When asked by WIRED, OpenAI spokesperson Grace McGuire explained that the Model Spec aims to enhance transparency in the development process by gathering feedback from the public, policymakers, and other stakeholders. However, she refrained from divulging specifics about OpenAI’s exploration into generating explicit content or receiving feedback on this concept.

Earlier this year, OpenAI’s chief technology officer, Mira Murati, expressed uncertainty regarding whether the company would permit depictions of nudity using its video generation tool, Sora.

The proliferation of AI-generated pornography represents one of the most significant and concerning applications of the generative AI technology pioneered by OpenAI. Dubbed “deepfake porn,” these explicit images or videos created with AI tools often depict real individuals without their consent and have become a tool for harassment, mainly targeting women and girls. In a concerning development reported by WIRED in March, two teenage boys in Florida faced charges for distributing AI-generated nude images of their fellow middle school students, marking what appears to be the first such arrests involving minors in the United States.
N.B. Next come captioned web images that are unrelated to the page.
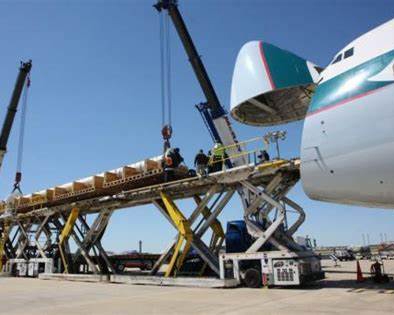 空运货品的二种方法和区别-国际物流空运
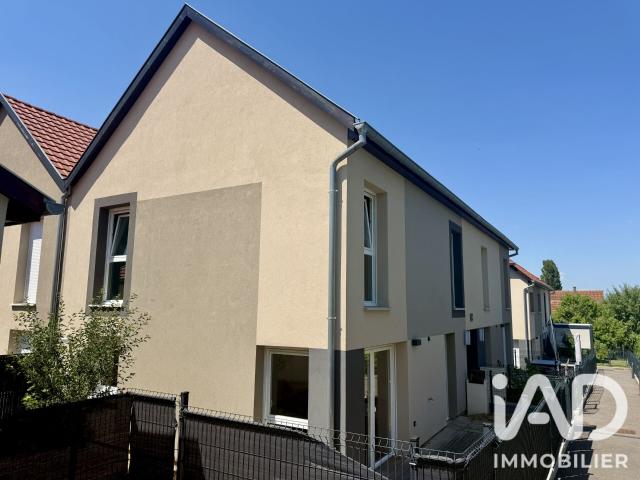 Epfig Vente Appartement 67
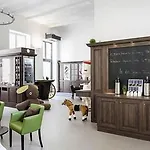 Ibis Styles 3* Tréveris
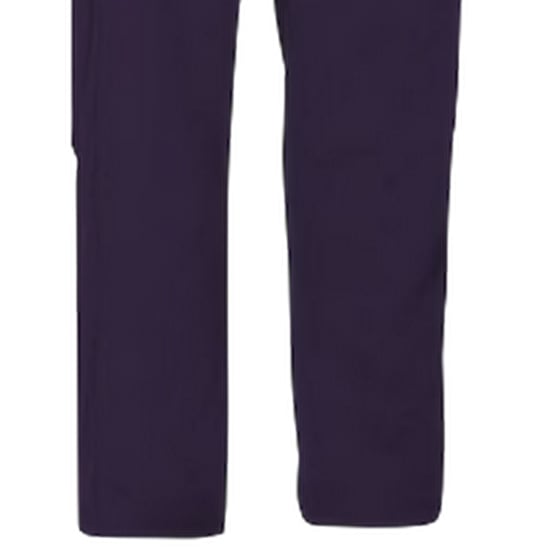 Gilbert Synergie-trainingsbroek voor kinderen (Marine) - Image 3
Danielle Keats Citron, a professor at the University of Virginia School of Law, warns that the widespread problem of intimate privacy violations, such as deepfake sex videos and other synthesized intimate images without consent, has severe consequences.

According to Citron, such abuse hinders individuals’ opportunities in various aspects of life, including work, speech, and physical safety.

Several other experts find OpenAI’s potential move towards explicit AI content generation profoundly concerning. Despite OpenAI’s current policies against impersonation without consent, the inclusion of explicit nonconsensual imagery would remain banned.

Experts’ concerns about this matter are supported by a previous incident involving Microsoft. In that incident, Microsoft’s generative AI tool created explicit images of Taylor Swift distributed on social media, highlighting the challenges of regulating and monitoring such technologies.

However, the effectiveness of OpenAI’s efforts to moderate such content and prevent misuse by malicious users remains uncertain.